The following opinion piece was written by Wharton marketing professor Peter Fader.

In the wake of Amazon’s disappointing Q4 results, the Kindle Fire has ignited a veritable firestorm of debate. 

Lackluster reviews and suspicions that the tablet device is being sold below cost have led analysts to anxiously eye the company’s dwindling cash reserves.  But amidst the heated debates about functionality and pricing, one concern has received relatively little attention: Should Amazon be competing in the tablet market in the first place?

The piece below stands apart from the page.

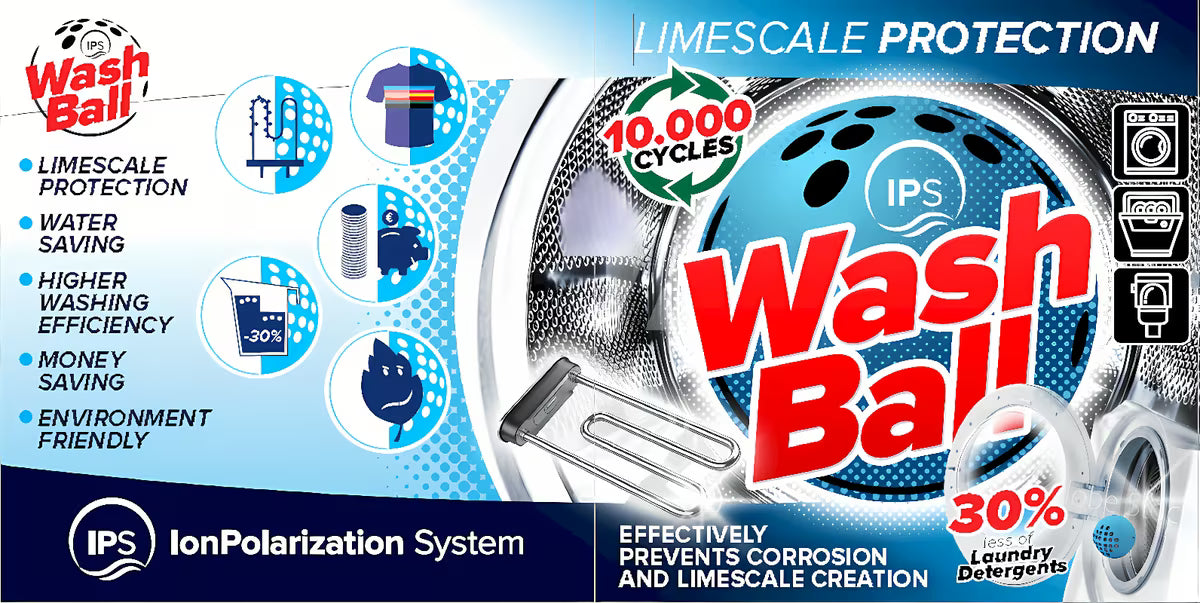 KalyxX IPS washball kugla za pranje pro za perilicu rublja, perilicu posuđa i WC školjke spremnik protiv kamenca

From my perspective, the Kindle Fire represents a dispiriting move away from Amazon’s historical focus on customer centricity.  In my book Wharton Executive Education Customer Centricity Essentials: What It Is, What It Isn’t, and Why It Matters, I argue that a customer-centric strategy aligns a company’s development and delivery of its products and services around the needs of a select set of customers in order to maximize their long-term financial value to the firm. 

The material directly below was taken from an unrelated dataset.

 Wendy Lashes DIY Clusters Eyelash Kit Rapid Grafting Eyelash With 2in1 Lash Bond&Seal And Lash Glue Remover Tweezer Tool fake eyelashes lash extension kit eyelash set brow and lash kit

This emphasis on a “select set” of customers is crucial.  Customer-centric firms never talk about “the customer” — because there is no average customer.  These firms recognize that there is a diverse ecosystem of consumers out there of all colors, shapes, sizes — and, most importantly, different lifetime values to the firm.  Customer-centric firms celebrate the heterogeneity of their customer bases and focus their efforts on those subsets that are likely to provide the greatest bang for the buck over the long term.

In many ways, Amazon has set the standard for customer-centric activities.  The company maintains detailed customer-level data, which it uses to tailor its marketing communications and make customized product recommendations.  When I ask my Wharton MBA students to name companies that are truly customer-centric, Amazon is always near the top of the list.

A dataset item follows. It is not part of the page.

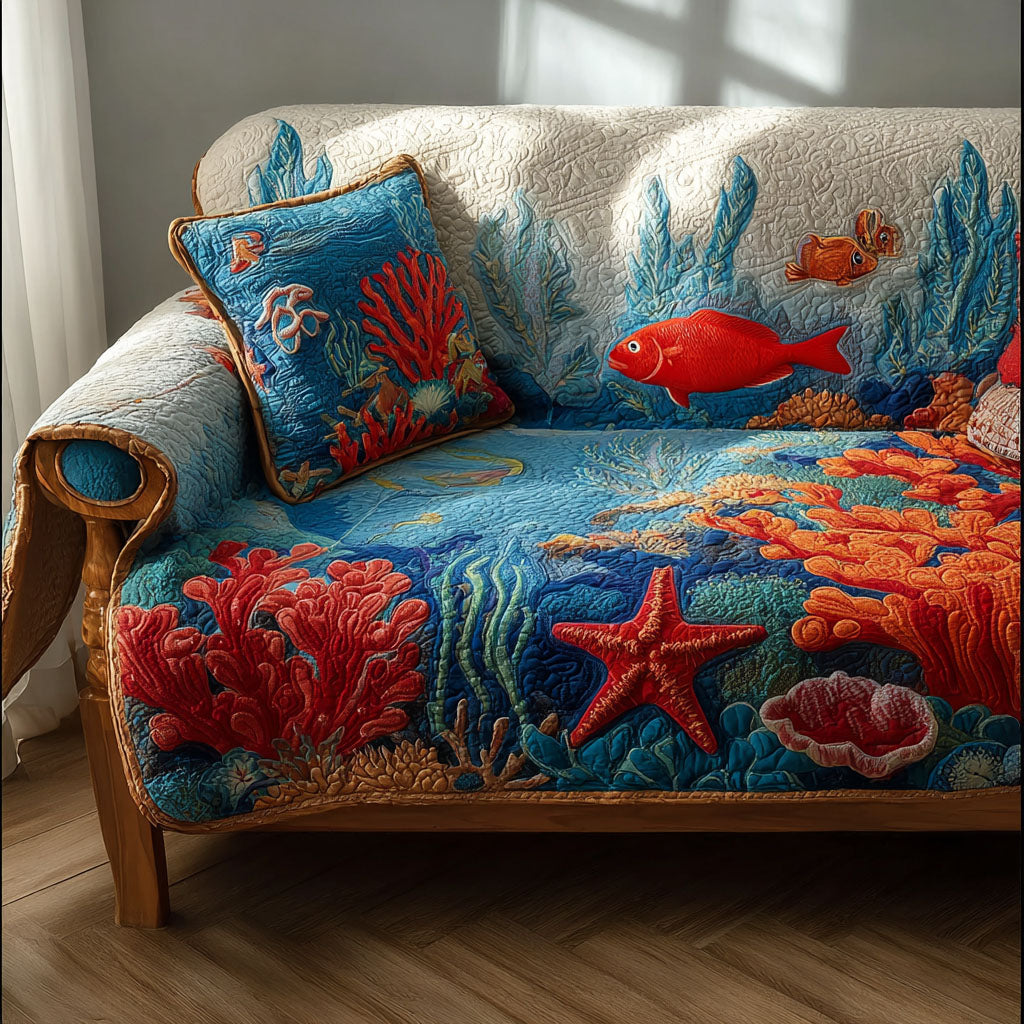 Coastal Calm Quilted Sofa Cover NCU0NTD1402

And for the original Kindle Reader, this “select set” of focal customers was clearly defined.  Back in 2010, Jeff Bezos went on record saying that the Kindle was for “serious readers.”  He elaborated by pointing out that “90% of households are not serious reading households.”

By focusing squarely on serious readers, the Kindle carved out a tremendously valuable market niche.  Its simple interface and innovative screen technology provided a top-notch reading experience for those who still care to read books.  It was a strategy focusing on creating delight for a particularly profitable customer segment.  The many other “non-serious readers” who also bought it were just icing on the cake.  I often pointed to this specific example as a great case study of genuine customer centricity in action.

Yet here we are today, watching Amazon dismantle this wonderful exemplar.  It’s understandable that Amazon wanted to leverage the success of its Kindle to gain a toehold with the broader market.  Understandable — but deeply misguided.  By trying to make hay from the current tablet frenzy, Amazon has strayed from its customer-centric roots towards a more conventional product-centric mindset.  The question they seem to be asking themselves now is, what can we make — and who can we sell it to?

The problem in this case isn’t a lack of demand for the product. Indeed, even as profits sagged and Amazon burned through its cash, the company sold an estimated six million Kindle Fires in the fourth quarter alone.  So what’s wrong with this strategy?

First, it consumes scarce resources and valuable management attention.  While Amazon executives are busy fixing glitches in the Kindle Fire, they could have been focusing on how to acquire profitable new “serious readers,” retain the ones they already have within the Kindle franchise and use the Kindle platform to extract the maximum value from existing customers through cross-selling, upselling and other customer development activities.

Second, by branding the Fire under the Kindle umbrella, Amazon risks confusing and alienating its focal customers.  Now that the premier product in the Kindle line no longer offers the unique reading experience that was associated with its original e-reader, the entire value proposition of the Kindle franchise isn’t so clear any more.  Amazon should have used a distinctly different name for the Fire so that serious readers would still proudly use their Kindles with the knowledge that they were still held in special regard by the firm.

So what can Amazon do to right this mess?  The script seems to dictate that sooner or later, the Kindle Fire will be yanked from the market once it proves to be too much of a drag on Amazon’s earnings and resources.  At that point, Jeff Bezos should focus on developing an enhanced version of the original Kindle and reassure its most valuable customers that Amazon is continuing to develop new devices and services with them in mind.  In other words, Amazon should scrap the Fire and hold on to the glowing embers: that focal core of deeply profitable customers who represent the firm’s ongoing source of competitive advantage.